(Stored items from a collection)
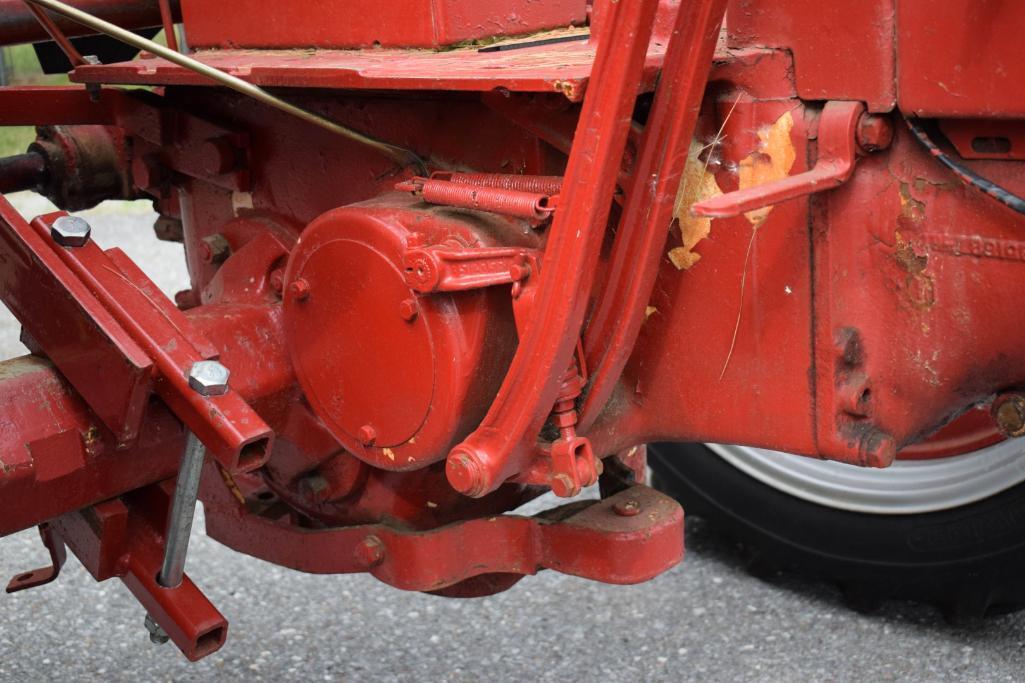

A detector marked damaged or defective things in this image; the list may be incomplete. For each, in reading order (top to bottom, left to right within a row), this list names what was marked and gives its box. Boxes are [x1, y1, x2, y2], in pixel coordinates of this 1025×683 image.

peeling paint [668, 139, 725, 268]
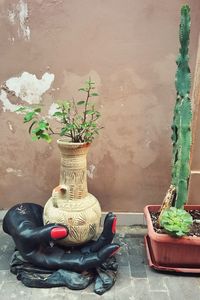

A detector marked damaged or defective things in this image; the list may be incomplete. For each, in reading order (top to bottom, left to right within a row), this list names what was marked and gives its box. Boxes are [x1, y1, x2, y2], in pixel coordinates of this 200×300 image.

peeling paint [7, 0, 30, 40]
peeling paint [0, 90, 19, 112]
peeling paint [5, 72, 54, 104]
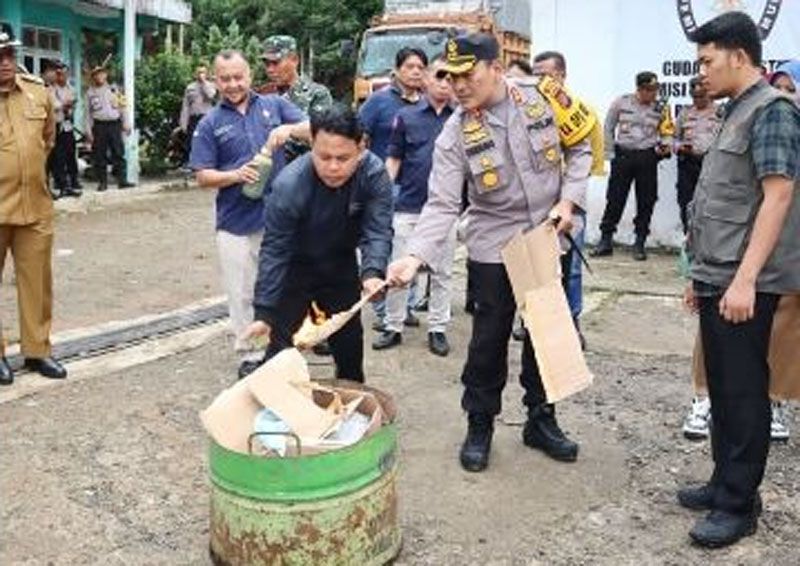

WORK INSTRUCTIONS:
Exactly as written, set down the lines from the line holding "this 200×300 image." to the last line of the data, both ends included, pictures excluded.

TASK RESULT:
A detector marked damaged or defective things in this image; the list may be incomplete. For each, in reading order (top to bottom, left to right within a row), this list names what was marked and gives its box. Boxes are [x1, y1, x2, y2], in pixel coordinates of this 200×300 image.

peeling paint [7, 0, 30, 40]
peeling paint [0, 90, 19, 112]
peeling paint [5, 72, 54, 104]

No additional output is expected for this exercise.